Sunday, January 10, 2016

Ammon Bundy and his merry men vs. the Sheriff of Malheur (Part 1)


Am I the only one who can’t make heads or tails about what Ammon Bundy is attempting to accomplish with the takeover of the Malheur National Wildlife Refuge administration building.  Yes, I’ve read the newspaper articles; but to me it still doesn’t make a whole lot of sense.  And, when you take over federal property, attempting to intimidate the authorities with guns, doesn’t that make you a ‘terrorist’ (if at very least a terrorist with a small ‘t’)?  Perhaps, if Bundy could boil his demands down to a brief, coherent, published manifesto, we could all think it over.

It really is kind of funny.  Did you see the picture, today, of the armed militant with the Pacific Patriots Network on the front page of the Oregonian newspaper?  Boy, that guy is right out of central casting for a Chevy Chase movie.  Question:  Do any of these guys have actual jobs?  Yes, of course, that’s none of my business.

On the other hand, I completely understand that this whole matter could suddenly turn deadly serious (Wounded Knee, Waco and Ruby Ridge).

As an FBI Agent, I spent a couple of months at Wounded Knee and have some knowledge of what a siege situation is like and how it can turn from bad to worse.

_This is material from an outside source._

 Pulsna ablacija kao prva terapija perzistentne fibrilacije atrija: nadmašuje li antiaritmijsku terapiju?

Don’t get me wrong.  I’m not entirely on the government’s side.  They have dictated, encroached and overly regulated entirely too much on property rights.  I could go on for a good while – potentially boring every reader into a coma.

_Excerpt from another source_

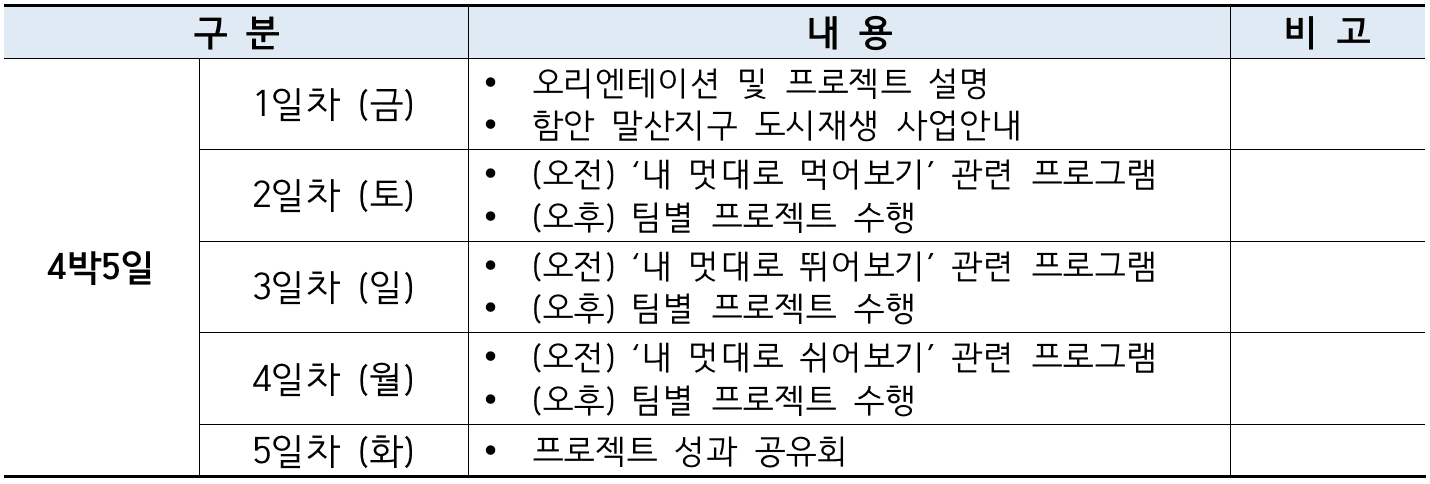 함안 별별트립 4박5일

It could be said that the federal government’s regulations put the Oregon timber industry out of business.  Towns dried up and died.  Good paying jobs were lost.  Why?  Because some egg-head back East decided that a former worker in an Oregon plywood mill could just as easily subsist on the salary he potentially could make at McDonalds or Jiffy Lube.  And, or, he could go to a community college at age 50 and learn how to become a plumber’s assistant.

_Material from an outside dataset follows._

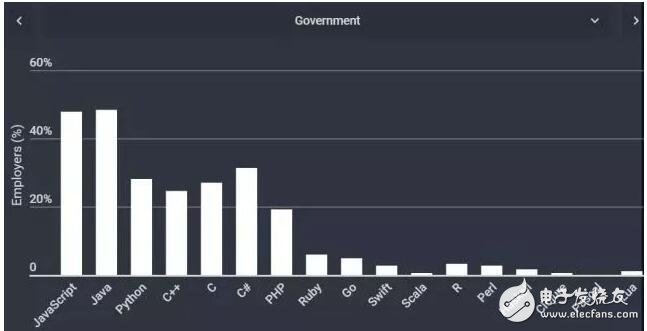 2018 开发者技能调查：各行业最受欢迎的编程语言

Oh, and, whatever happened to the Spotted Owl?  It’s living happily in the virgin Oregon forests I would assume.

I worked many years for a large forest products company as their Western Region Security Manager.  As a corporate employee, I was headquartered in Portland and was responsible for eleven western states.  But, let’s just take Oregon for example.  When I started with the company there were 10 or 12 mills, plus various facilities and timber operations throughout Oregon with literally thousands of employees with pretty darn good jobs.  As my own ‘early retirement’ grew near, I happened to be the last employee with the company still in Oregon.  I had been retained to provide a security presence for all the closures and terminations.

Regarding the Malheur imbroglio, I have some thoughts on what law enforcement and the FBI are probably now thinking.  Top of the list almost certainly:  ‘Let’s not let this situation blow up in our faces.’  To use a metaphor, it’s a carefully orchestrated dance.  The FBI provides the music for now, but Ammon Bundy is leading.